Jérôme Belleman
Home  •  Tools  •  Posts  •  Talks  •  Travels  •  Graphics  •  About Me

Some sort of comparison of sort and :sort

10 Sep 2017

The UNIX sort command is part of any DevOps' toolkit. Vim has its own :sort command, but its behaviour is in some ways radically different – for the better.

1 The UNIX sort command

It sorts lines in a text file, without further ado. As part of the essential options, -k specifies which key – read field – to sort on and -t changes the field separator.

The sort command offers a few options to sort numerically, such that e.g. 33 comes after 4, not before when it by default only looks at the first character, in which case it would only check that 3 comes before 4. The -n option is the one we most of the time use. There's also the much slower – but not much more useful – -g option which is a bit more general in that it typically supports the exponential notation.
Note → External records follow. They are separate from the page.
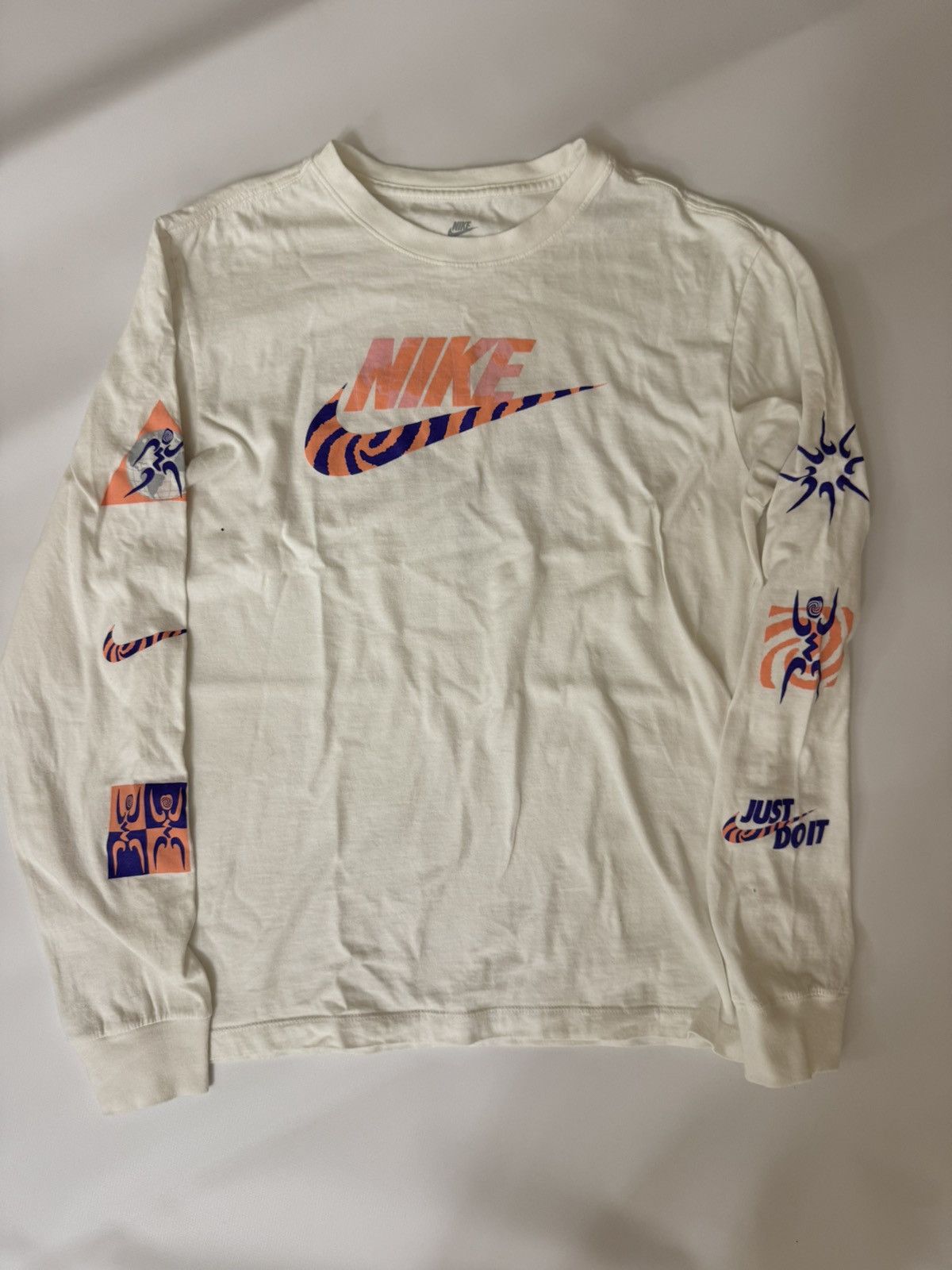 Nike Nike Long-sleeve sweater Size US S / EU 44-46 / 1 - 2 Thumbnail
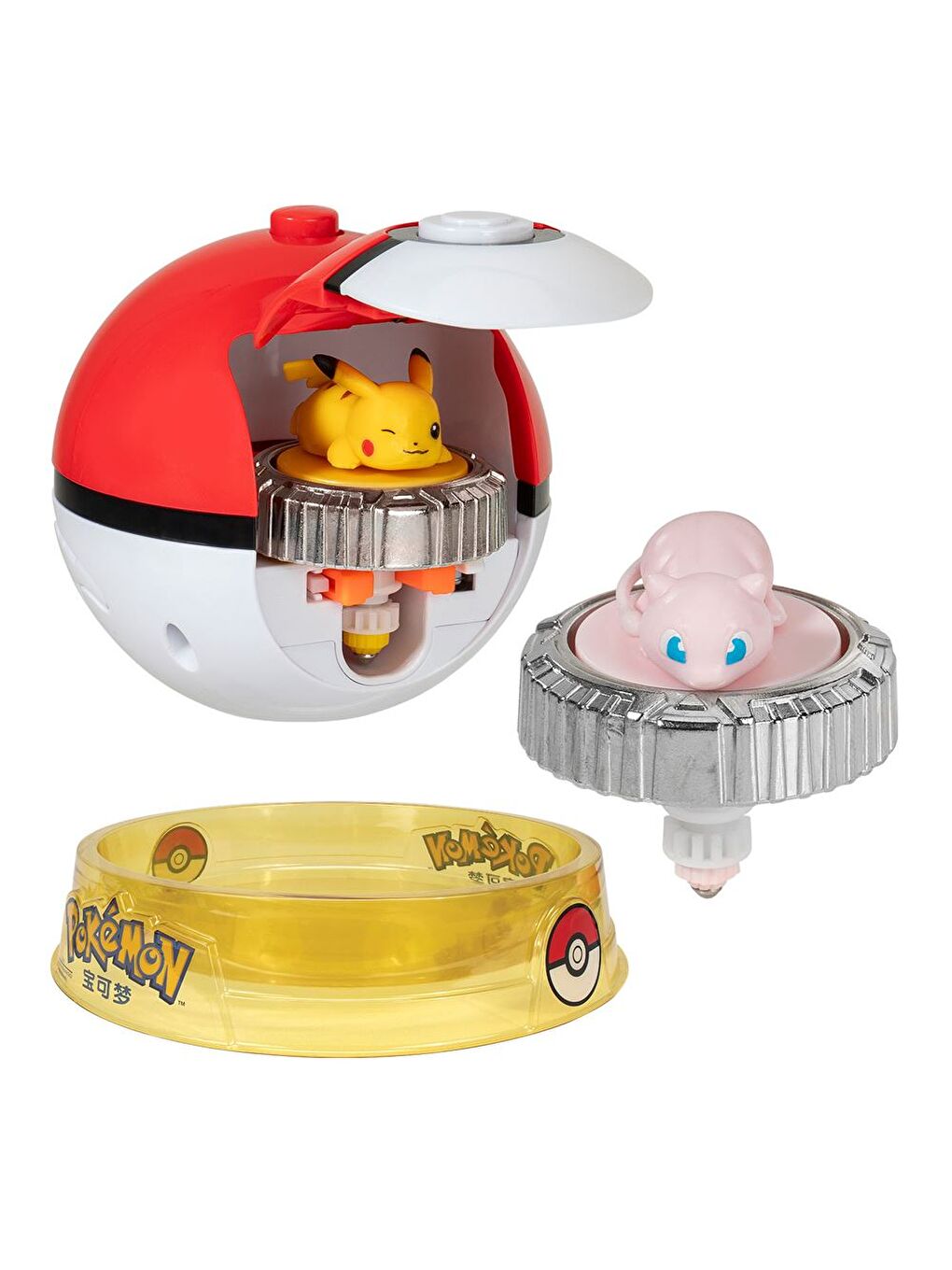 Battle Spinner Arena Set PKW4402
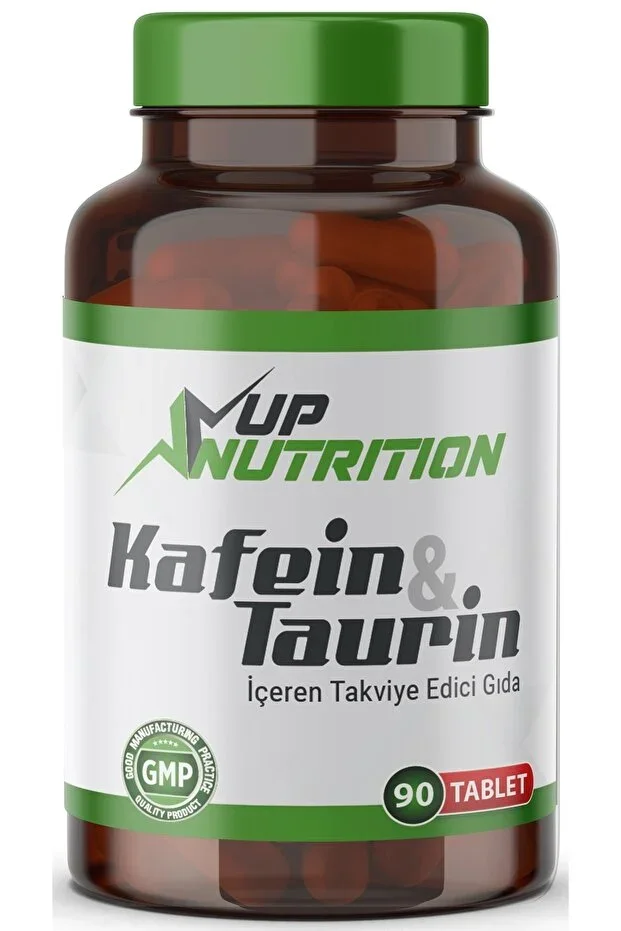 up nutrition Caffeine Plus Caffeine Taurine 90 Tablets 90 Servings Strength And Performance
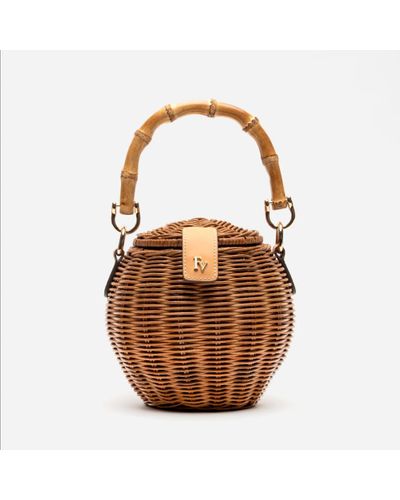 Shop Frances Valentine Basket Bags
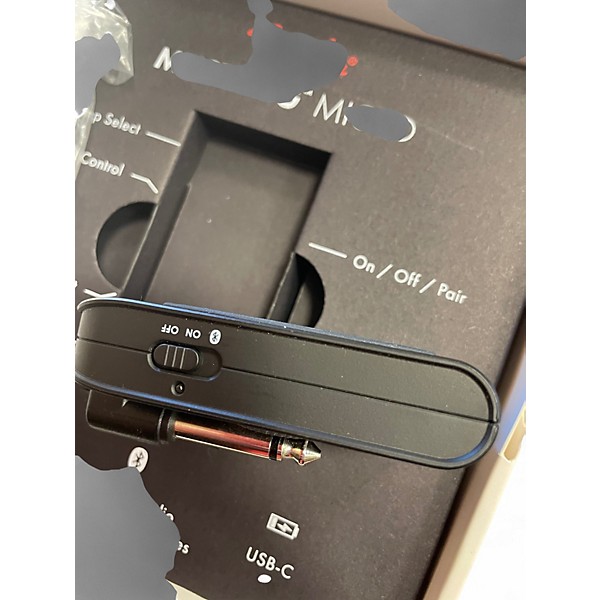 Used Fender MUSTANG MICRO Instrument Wireless System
Where -n would consider 1e-2 to be greater than 1e-1, -g will recognise the whole string for what it is and place 1e-1 after 1e-2. A much more useful numeric option for human concerns would be -h, which also understands SI suffixes such as kMG.

There's a few other useful options which might come in handy in your everyday life: -f ignores case, -M sorts months written in letters (e.g. Jan, Feb, Mar, ...), -R doesn't actually sort but shuffles instead (useful if shuf isn't installed), -r reverses the sorting.
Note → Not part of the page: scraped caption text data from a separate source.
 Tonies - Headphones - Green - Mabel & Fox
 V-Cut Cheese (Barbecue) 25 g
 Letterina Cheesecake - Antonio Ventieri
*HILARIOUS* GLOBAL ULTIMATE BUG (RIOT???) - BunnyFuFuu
A special mention for the -u option, which I was interested to learn sorts and removes duplicate lines, much like sort | uniq would.

2 The Vim :sort command

Now, don't take me wrong. I'm not about to claim that :sort is a suitable alternative or replacement for sort. They both have their strengths and weaknesses in terms of available features, and as a result they're very much complementary.

The Vim :sort command offers some of the features that the UNIX sort command does, such as reversing the order (the ! flag) or ignoring case (the i flag). It can sort numerically by integers (the n flag) or floats (the f flag) for a variety a bases (hexadecimal with x, octal with o, binary with b). It can remove duplicate lines (the u flag) much like sort | uniq does.
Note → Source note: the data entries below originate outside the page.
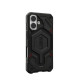 Чохол до мобільного телефона UAG iPhone 17 Monarch Pro MagSafe Kevlar Black (114516113940)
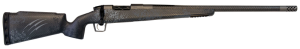 FIERCE FIREARMS CT RIVAL MIDNIGHT CAMO 6.5 PRC 22" BARREL 3-ROUNDS - Bolt Action Rifles - Hewitt Gun Shop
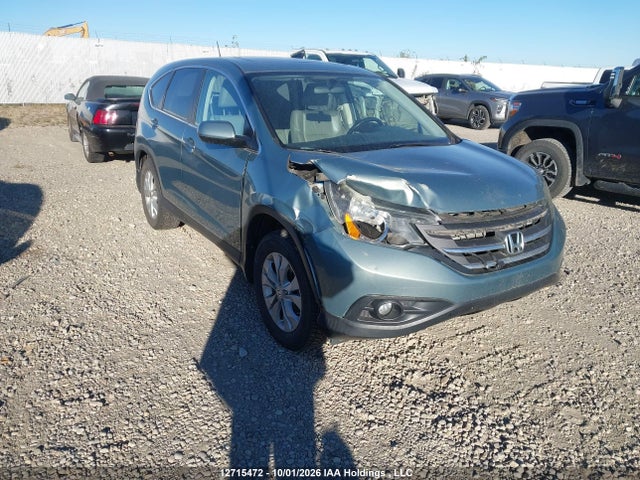 Auction sale of the 2013 Honda Cr-v Exl, vin: 2HKRM4H79DH104029, lot number: 12715472
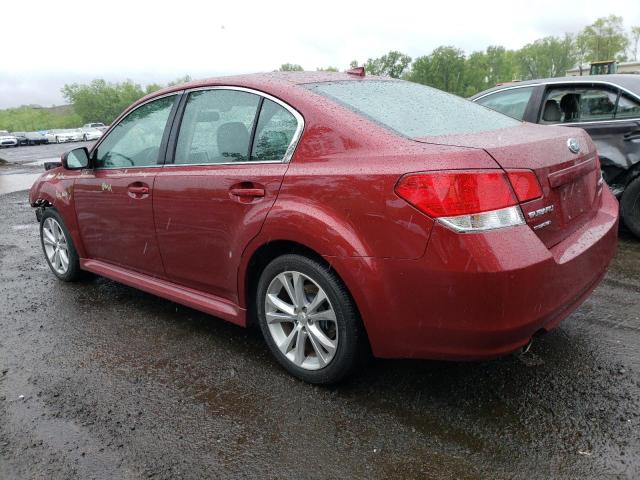 Photo 1 VIN: 4S3BMBP66D3026013 - SUBARU LEGACY 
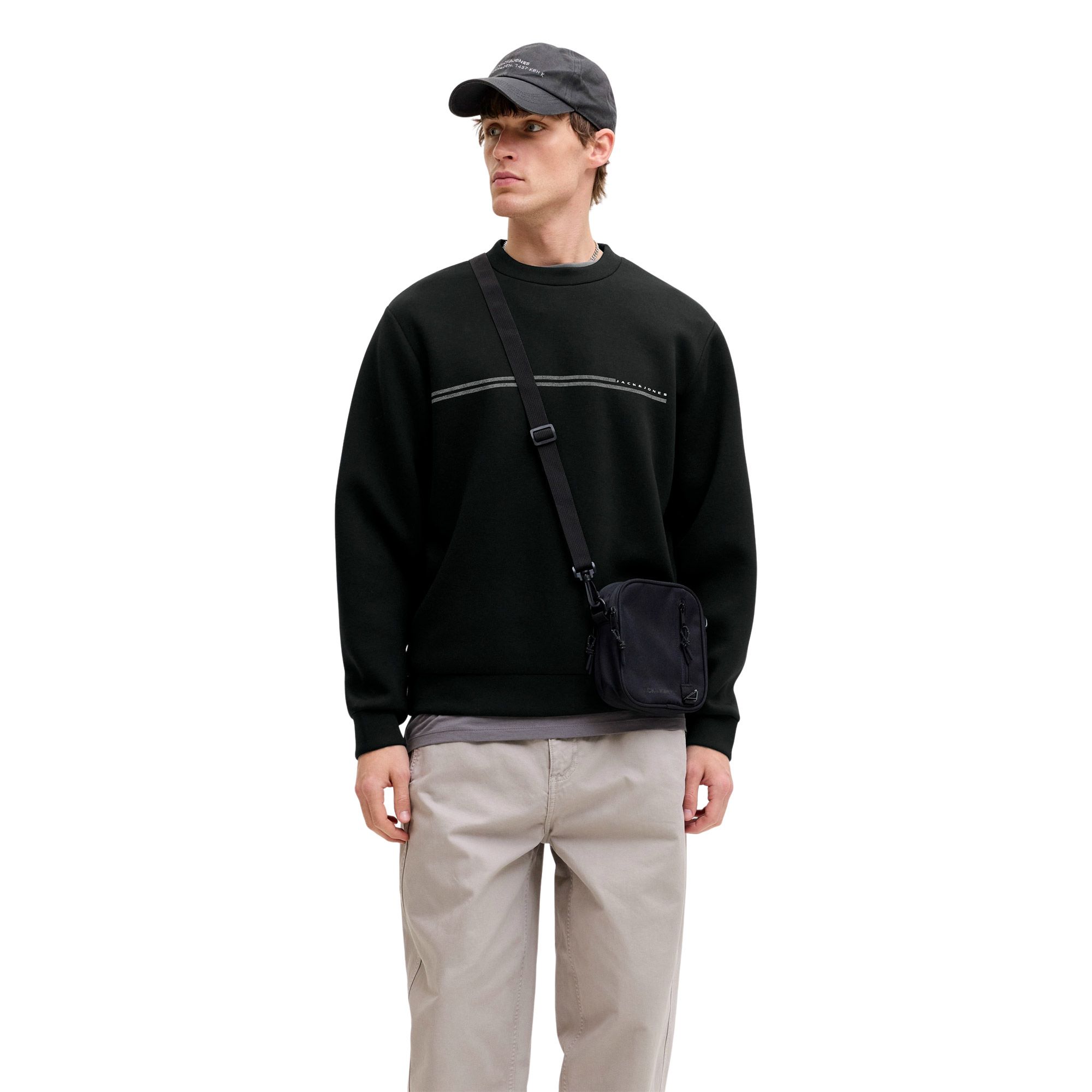 Jack & Jones Logo Sweater Men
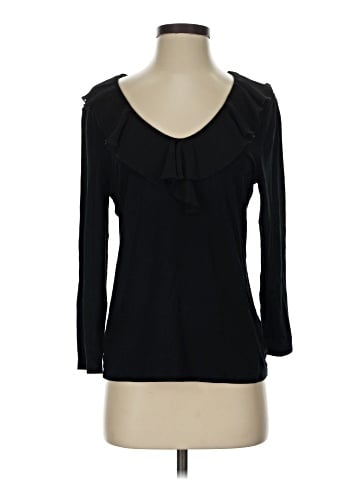 Lauren by Ralph Lauren 3/4 Sleeve Top (view 1)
Where the Vim :sort command stands out, is in the fact it lets you specify a pattern to skip characters when identifying a key to sort by, instead of having to specify a field number. You can very naturally use this to your advantage in a number of ways. Suppose for instance that you've got a list of 3-columns lines to sort but the fields are delimited in a rather annoying way as they are only separated with a relatively long sequence of spaces. To make matters worse, you can also come across fields which include spaces themselves. Looking at the data set, you can however naturally see that they start at the same column. Indeed, baz, grault fred and gazonk all start at column 23:

foo bar               baz
boo qux corge         grault garply
waldo                 fred
plugh xyzzy           gazonk                  thud

As a result you can use a pattern that will simply cause :sort to skip the first 23 characters and only sort by whatever comes next:

:sort /.\{23}/

You could have used other patterns which might have been more meaningful to you –  for instance one which causes :sort to skip the first match for more than a space and only sort by whatever comes after:

:sort /\s\s/

Another example of a potentially annoying scenario with traditional sorting tools would be a list of dates which you'd like to sort by year. Unfortunately, the date format may change:

Friday, 21 April 2017
2 Feb 2012
9 Aug 2015
2009-05-23
2016-01-04

Could this possibly be addressed with a pattern matching specifically years, i.e. four digits?

:sort /\d\d\d\d/

This won't work, in fact, as it instructs Vim to skip the first match of a year and sort by what comes after. We don't actually want to skip the match, in such a case. Fortunately, Vim also offers the r flag which, instead of skipping what the pattern matches, will cause :sort to actually use the match to sort. As a result, this will work as intended:

:sort r /\d\d\d\d/

3 References

The sort command is one of those which is much better documented via info than in the manpage. In particular, you'll prefer reading the former if you want to understand the different numeric sorts.